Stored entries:
========

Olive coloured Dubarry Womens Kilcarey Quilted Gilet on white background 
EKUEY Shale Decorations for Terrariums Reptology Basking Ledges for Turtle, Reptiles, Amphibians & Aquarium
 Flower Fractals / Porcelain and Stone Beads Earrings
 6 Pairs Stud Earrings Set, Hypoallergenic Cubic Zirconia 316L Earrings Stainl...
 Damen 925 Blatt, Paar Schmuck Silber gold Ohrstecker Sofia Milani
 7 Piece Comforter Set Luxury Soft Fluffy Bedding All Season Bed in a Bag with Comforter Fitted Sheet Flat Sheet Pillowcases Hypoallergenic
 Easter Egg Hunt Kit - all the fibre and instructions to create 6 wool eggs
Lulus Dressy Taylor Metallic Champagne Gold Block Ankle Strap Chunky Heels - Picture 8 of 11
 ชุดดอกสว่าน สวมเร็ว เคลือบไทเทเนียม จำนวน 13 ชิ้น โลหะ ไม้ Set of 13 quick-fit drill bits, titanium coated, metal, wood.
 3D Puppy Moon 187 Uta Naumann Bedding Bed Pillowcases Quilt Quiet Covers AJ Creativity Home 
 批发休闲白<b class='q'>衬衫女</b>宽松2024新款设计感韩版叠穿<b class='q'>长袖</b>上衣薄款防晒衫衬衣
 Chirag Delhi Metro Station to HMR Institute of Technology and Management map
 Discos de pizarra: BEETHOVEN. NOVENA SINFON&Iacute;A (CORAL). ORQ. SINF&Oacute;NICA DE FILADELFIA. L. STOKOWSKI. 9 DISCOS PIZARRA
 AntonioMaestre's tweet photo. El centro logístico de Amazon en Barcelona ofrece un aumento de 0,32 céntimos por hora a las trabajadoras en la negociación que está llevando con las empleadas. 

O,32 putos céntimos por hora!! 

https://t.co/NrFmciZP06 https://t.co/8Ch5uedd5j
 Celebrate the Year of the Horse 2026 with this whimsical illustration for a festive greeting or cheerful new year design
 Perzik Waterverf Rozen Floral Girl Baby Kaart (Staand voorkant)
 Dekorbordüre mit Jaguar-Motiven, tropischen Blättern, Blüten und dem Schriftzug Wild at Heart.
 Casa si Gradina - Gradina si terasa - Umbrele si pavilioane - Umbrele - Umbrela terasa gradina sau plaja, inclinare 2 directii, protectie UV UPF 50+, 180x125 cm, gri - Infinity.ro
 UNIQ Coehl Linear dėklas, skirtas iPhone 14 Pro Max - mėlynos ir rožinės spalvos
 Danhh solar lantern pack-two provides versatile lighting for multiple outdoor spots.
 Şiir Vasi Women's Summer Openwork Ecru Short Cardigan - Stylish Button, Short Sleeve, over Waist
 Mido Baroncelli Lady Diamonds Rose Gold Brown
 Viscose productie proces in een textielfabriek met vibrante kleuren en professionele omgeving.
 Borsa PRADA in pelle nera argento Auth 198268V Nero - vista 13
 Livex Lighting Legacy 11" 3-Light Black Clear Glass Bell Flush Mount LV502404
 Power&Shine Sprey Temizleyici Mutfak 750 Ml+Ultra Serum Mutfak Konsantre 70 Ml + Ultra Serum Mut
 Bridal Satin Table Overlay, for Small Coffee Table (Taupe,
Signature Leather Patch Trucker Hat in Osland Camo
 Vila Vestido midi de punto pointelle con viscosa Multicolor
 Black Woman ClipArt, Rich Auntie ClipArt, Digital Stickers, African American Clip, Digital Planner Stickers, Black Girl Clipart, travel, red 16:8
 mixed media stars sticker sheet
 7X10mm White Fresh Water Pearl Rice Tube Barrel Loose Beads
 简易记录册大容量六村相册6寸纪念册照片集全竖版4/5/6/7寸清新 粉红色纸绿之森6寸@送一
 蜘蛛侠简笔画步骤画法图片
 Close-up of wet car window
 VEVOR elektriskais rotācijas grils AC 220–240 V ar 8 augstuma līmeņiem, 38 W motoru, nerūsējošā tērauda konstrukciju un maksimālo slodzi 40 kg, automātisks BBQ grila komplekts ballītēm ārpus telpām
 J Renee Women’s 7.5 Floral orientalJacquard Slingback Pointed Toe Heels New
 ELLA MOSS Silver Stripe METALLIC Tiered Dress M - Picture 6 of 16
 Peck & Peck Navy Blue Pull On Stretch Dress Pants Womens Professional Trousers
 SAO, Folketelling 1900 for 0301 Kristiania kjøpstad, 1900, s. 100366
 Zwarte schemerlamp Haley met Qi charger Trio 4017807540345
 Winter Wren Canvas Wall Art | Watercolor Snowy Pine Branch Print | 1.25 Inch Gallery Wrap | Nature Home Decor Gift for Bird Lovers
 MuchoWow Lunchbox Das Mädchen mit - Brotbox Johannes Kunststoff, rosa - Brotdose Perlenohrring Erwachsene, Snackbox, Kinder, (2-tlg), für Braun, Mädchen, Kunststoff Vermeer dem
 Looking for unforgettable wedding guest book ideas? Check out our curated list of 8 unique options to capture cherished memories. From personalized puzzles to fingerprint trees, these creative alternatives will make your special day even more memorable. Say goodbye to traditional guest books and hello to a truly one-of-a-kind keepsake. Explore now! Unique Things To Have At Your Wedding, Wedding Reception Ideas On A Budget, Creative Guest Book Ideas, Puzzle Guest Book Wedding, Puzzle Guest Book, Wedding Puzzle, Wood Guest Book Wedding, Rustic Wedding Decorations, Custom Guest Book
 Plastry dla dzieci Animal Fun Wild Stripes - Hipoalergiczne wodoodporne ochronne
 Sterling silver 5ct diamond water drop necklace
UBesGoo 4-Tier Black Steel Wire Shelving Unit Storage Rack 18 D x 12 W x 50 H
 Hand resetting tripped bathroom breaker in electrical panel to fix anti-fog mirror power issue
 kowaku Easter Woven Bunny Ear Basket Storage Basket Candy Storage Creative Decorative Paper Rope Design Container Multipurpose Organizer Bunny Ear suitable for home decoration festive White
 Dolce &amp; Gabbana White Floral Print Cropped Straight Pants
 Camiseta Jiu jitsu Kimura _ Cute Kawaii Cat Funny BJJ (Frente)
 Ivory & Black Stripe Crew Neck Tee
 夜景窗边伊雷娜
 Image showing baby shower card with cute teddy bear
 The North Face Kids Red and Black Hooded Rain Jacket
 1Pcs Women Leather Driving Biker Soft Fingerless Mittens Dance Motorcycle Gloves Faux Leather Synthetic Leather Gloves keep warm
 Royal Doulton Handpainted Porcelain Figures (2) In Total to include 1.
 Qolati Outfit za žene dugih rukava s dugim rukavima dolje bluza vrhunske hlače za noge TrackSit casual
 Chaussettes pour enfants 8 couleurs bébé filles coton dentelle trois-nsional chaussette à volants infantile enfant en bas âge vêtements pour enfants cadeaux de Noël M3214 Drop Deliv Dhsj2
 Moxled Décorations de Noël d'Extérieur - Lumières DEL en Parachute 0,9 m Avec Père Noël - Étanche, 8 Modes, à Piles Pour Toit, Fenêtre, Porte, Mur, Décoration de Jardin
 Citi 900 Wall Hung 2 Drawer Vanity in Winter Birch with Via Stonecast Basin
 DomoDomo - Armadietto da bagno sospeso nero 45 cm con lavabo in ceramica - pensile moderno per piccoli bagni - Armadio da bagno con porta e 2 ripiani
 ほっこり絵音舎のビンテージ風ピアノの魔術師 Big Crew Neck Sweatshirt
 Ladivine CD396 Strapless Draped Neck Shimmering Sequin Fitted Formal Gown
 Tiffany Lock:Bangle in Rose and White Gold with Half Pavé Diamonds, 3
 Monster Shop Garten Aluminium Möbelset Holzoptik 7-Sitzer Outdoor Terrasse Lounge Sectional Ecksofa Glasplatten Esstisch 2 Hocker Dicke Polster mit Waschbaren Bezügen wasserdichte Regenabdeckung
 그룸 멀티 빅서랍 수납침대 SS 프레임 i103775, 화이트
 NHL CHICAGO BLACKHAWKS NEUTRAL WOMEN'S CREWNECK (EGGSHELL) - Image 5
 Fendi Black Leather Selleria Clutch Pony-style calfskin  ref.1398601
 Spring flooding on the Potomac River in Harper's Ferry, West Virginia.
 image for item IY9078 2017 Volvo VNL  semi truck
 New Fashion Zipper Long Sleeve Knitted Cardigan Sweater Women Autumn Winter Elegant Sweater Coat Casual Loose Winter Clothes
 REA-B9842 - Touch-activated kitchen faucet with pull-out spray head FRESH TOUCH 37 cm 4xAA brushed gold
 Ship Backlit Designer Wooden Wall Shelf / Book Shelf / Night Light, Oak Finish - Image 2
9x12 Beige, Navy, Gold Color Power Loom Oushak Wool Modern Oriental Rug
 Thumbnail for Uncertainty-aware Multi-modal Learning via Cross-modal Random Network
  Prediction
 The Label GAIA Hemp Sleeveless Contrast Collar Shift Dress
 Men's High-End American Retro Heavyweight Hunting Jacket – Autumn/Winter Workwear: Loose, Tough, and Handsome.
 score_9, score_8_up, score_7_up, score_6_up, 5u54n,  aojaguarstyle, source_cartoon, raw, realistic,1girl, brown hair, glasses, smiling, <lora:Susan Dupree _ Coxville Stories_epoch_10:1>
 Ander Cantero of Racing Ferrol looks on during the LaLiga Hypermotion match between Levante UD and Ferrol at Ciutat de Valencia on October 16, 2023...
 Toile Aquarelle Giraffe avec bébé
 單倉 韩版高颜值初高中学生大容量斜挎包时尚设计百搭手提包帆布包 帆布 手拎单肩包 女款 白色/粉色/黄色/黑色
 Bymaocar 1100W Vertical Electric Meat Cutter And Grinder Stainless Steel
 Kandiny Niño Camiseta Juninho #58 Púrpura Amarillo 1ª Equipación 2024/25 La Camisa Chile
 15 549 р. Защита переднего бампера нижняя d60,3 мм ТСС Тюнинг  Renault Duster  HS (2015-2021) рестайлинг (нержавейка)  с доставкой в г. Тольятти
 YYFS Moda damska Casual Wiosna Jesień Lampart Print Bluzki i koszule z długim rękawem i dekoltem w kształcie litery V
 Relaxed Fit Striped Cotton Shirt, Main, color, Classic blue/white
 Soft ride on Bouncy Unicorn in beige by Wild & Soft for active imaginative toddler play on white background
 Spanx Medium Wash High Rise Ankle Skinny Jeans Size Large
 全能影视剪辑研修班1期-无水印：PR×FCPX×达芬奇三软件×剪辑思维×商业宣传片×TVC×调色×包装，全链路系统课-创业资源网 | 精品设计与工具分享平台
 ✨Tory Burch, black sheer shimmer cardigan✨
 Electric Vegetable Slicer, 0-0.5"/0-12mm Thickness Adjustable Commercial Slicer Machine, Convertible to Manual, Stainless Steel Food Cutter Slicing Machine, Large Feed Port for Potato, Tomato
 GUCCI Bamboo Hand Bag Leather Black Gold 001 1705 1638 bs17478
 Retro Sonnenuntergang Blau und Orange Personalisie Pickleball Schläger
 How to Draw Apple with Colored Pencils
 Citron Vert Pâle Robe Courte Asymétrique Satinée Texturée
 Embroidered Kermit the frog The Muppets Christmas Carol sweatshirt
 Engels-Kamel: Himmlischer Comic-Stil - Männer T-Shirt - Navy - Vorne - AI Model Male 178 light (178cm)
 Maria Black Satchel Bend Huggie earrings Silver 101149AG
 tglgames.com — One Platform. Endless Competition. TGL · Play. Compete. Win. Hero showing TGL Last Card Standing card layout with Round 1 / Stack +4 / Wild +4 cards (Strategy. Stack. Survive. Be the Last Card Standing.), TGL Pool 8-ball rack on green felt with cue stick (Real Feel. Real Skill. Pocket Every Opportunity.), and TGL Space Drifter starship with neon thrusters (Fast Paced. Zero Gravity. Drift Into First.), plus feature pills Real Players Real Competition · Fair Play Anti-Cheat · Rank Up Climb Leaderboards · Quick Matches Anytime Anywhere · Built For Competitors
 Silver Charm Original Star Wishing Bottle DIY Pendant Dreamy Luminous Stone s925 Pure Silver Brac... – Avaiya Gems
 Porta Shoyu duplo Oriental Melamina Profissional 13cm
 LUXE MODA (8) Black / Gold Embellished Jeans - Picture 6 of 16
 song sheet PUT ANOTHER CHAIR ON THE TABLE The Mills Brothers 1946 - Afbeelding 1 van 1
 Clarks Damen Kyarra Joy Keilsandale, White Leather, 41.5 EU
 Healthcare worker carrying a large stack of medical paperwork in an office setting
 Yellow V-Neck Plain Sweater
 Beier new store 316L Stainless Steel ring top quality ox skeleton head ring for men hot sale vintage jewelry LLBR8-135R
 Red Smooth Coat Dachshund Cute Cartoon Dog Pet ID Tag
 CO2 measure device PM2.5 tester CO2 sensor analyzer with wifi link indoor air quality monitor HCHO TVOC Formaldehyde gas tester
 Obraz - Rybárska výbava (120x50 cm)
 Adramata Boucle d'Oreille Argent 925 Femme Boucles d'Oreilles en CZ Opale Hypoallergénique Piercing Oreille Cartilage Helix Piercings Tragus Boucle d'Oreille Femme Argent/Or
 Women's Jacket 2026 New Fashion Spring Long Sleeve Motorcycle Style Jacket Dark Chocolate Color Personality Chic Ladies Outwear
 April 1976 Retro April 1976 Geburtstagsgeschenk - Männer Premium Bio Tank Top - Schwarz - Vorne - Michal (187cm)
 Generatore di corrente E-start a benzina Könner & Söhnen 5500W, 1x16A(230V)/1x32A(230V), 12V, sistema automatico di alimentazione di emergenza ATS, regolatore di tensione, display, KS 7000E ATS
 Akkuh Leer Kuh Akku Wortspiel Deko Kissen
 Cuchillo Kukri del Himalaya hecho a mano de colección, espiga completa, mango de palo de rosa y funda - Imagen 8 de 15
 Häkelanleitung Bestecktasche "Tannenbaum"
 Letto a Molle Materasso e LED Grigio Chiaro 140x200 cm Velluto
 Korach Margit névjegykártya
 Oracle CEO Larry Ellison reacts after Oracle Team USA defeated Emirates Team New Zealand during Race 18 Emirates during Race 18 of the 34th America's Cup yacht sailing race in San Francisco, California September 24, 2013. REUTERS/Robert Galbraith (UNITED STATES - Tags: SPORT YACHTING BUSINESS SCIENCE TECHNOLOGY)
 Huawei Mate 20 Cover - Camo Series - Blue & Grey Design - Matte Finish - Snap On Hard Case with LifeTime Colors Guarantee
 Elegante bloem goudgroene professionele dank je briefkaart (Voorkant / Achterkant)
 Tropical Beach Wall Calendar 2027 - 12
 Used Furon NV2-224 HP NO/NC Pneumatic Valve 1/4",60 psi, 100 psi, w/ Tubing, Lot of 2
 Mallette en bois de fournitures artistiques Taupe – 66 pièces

========

■ What the task asks ■
Above are the entries. Copy exactly the part that opens with the line containing "ELLA MOSS Silver" and closes with the line containing "Looking for unforgettable", and no more.

■ Answer section ■
 ELLA MOSS Silver Stripe METALLIC Tiered Dress M - Picture 6 of 16
 Peck & Peck Navy Blue Pull On Stretch Dress Pants Womens Professional Trousers
 SAO, Folketelling 1900 for 0301 Kristiania kjøpstad, 1900, s. 100366
 Zwarte schemerlamp Haley met Qi charger Trio 4017807540345
 Winter Wren Canvas Wall Art | Watercolor Snowy Pine Branch Print | 1.25 Inch Gallery Wrap | Nature Home Decor Gift for Bird Lovers
 MuchoWow Lunchbox Das Mädchen mit - Brotbox Johannes Kunststoff, rosa - Brotdose Perlenohrring Erwachsene, Snackbox, Kinder, (2-tlg), für Braun, Mädchen, Kunststoff Vermeer dem
 Looking for unforgettable wedding guest book ideas? Check out our curated list of 8 unique options to capture cherished memories. From personalized puzzles to fingerprint trees, these creative alternatives will make your special day even more memorable. Say goodbye to traditional guest books and hello to a truly one-of-a-kind keepsake. Explore now! Unique Things To Have At Your Wedding, Wedding Reception Ideas On A Budget, Creative Guest Book Ideas, Puzzle Guest Book Wedding, Puzzle Guest Book, Wedding Puzzle, Wood Guest Book Wedding, Rustic Wedding Decorations, Custom Guest Book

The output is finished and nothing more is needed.